__PROVIDED RECORDS__
§

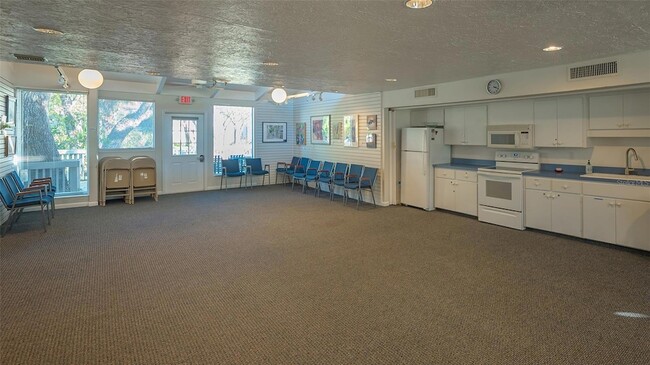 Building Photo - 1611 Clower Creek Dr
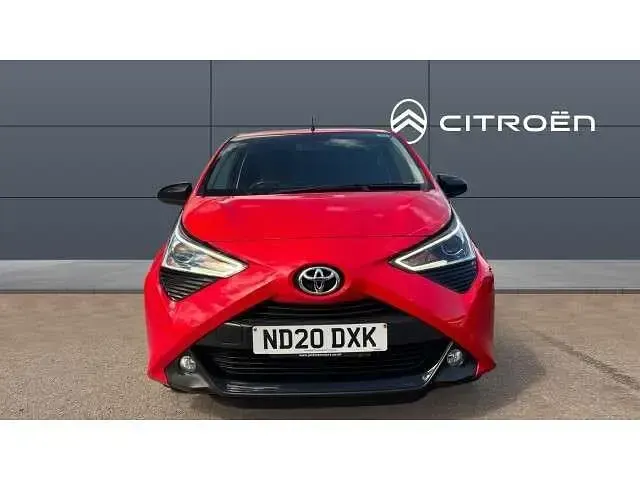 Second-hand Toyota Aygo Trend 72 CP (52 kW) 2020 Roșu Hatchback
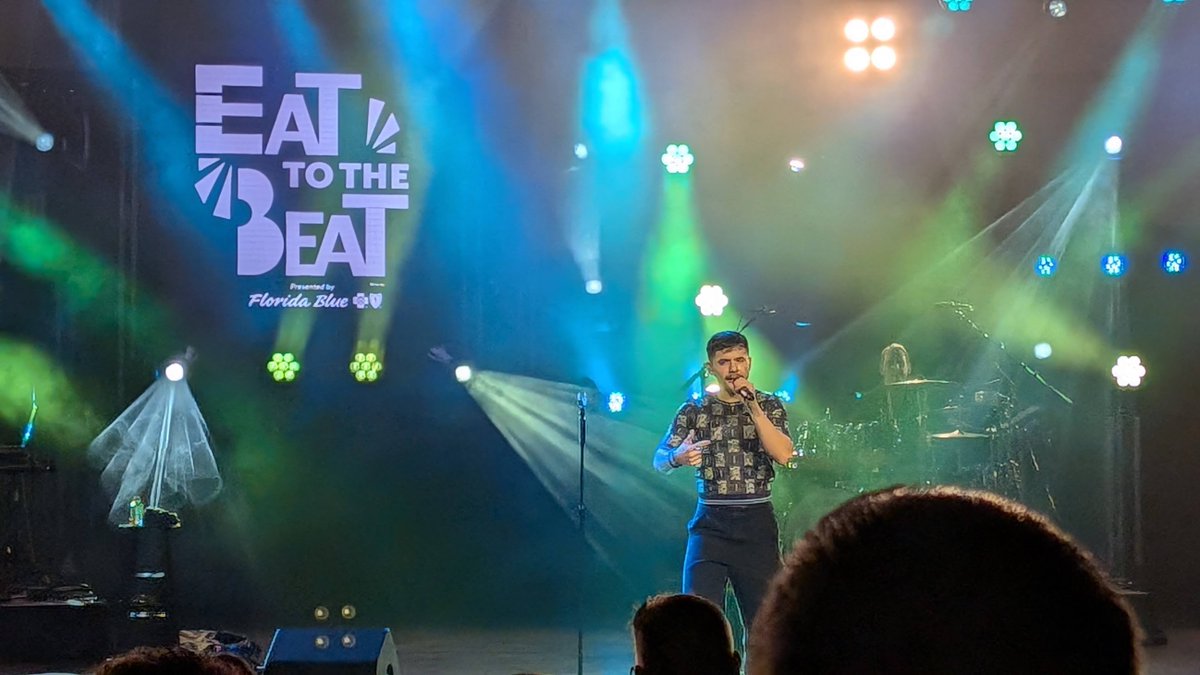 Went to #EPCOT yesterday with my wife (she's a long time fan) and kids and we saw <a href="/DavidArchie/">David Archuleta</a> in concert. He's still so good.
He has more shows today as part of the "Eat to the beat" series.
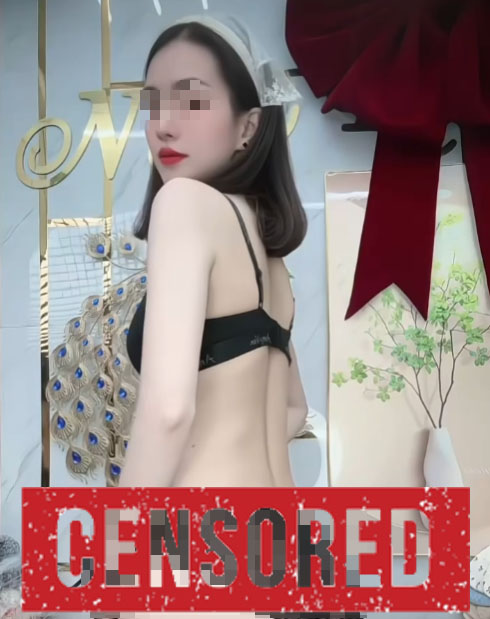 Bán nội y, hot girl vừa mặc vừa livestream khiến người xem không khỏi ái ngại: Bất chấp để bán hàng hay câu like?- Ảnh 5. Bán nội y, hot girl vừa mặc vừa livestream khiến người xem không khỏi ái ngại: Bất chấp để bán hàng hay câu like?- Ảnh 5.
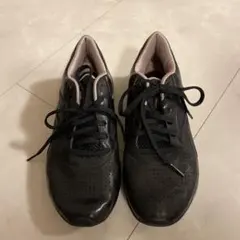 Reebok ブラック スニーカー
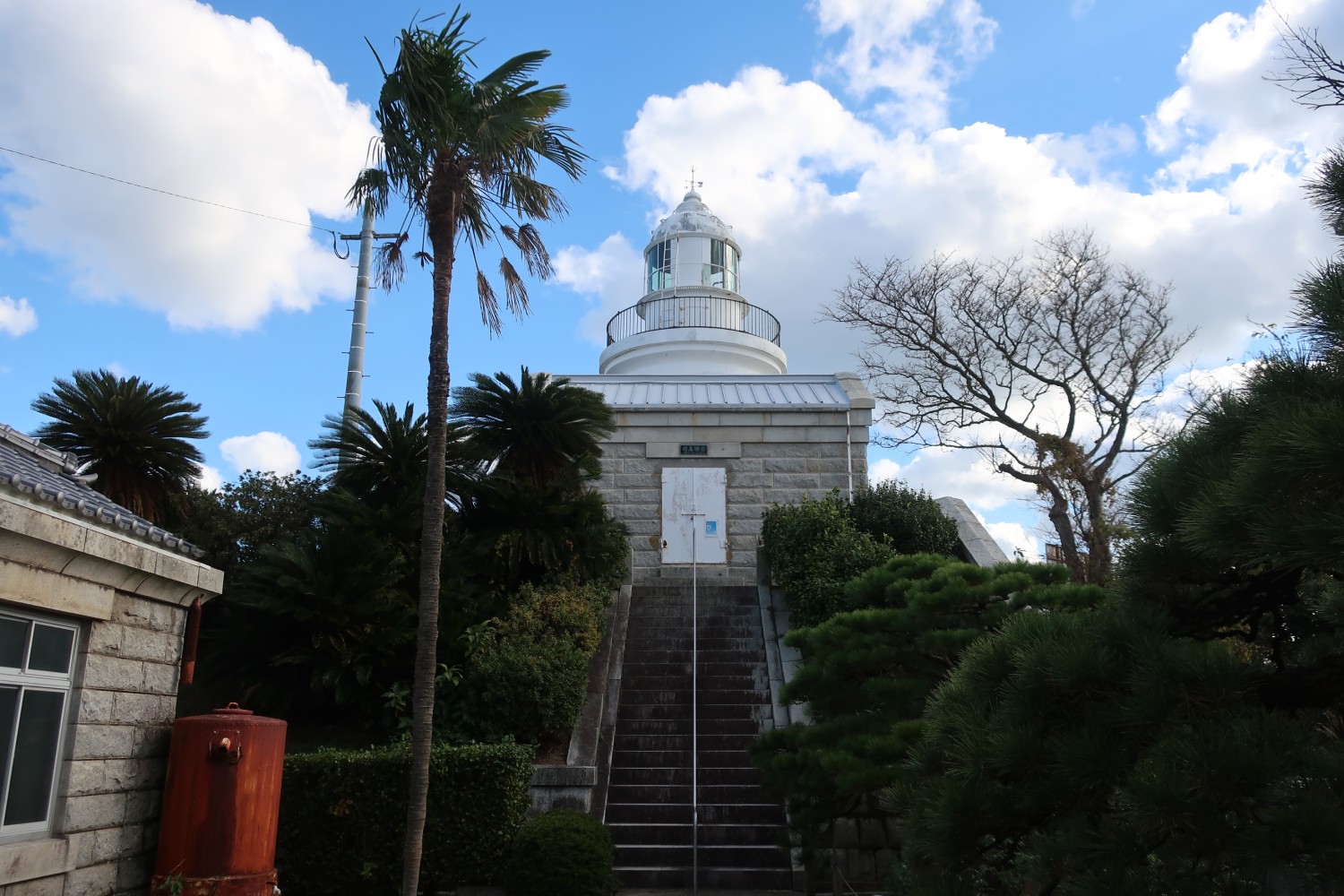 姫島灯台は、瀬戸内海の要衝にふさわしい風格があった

§

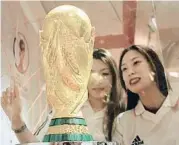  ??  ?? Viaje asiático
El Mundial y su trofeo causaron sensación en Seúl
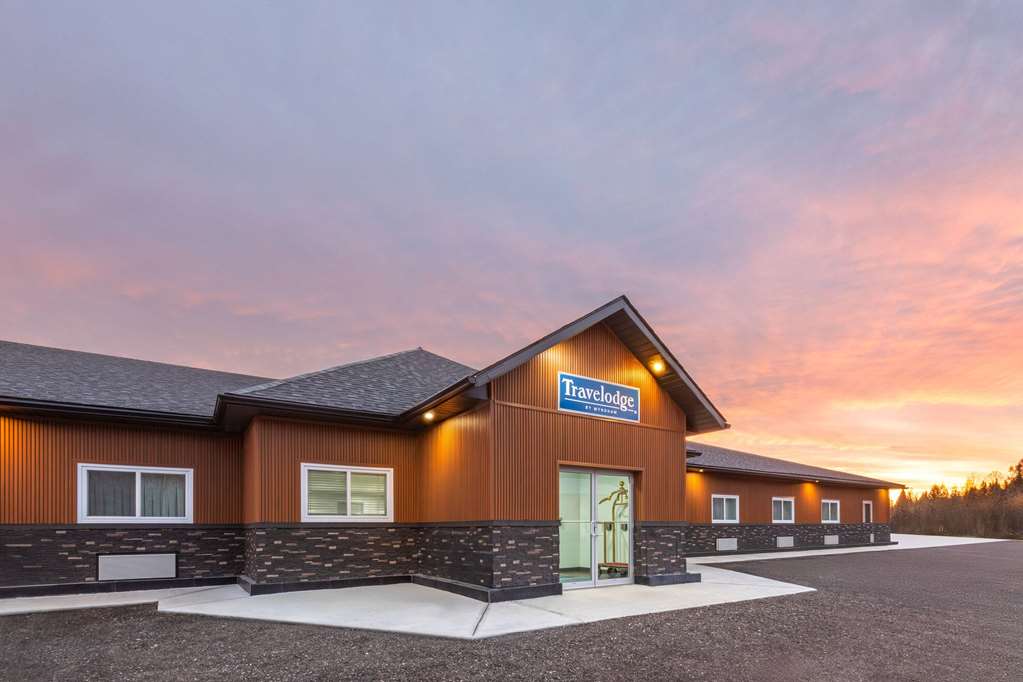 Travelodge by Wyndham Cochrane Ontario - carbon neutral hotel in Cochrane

§

__WHAT YOU HAVE TO DO__
Because only one stretch of the records is wanted, please output the lines from the one holding "He has more" through the one holding "Reebok ブラック スニーカー" exactly, both included, and leave every picture out.

__RESPONSE TO THE TASK__
He has more shows today as part of the "Eat to the beat" series.
 Bán nội y, hot girl vừa mặc vừa livestream khiến người xem không khỏi ái ngại: Bất chấp để bán hàng hay câu like?- Ảnh 5. Bán nội y, hot girl vừa mặc vừa livestream khiến người xem không khỏi ái ngại: Bất chấp để bán hàng hay câu like?- Ảnh 5.
 Reebok ブラック スニーカー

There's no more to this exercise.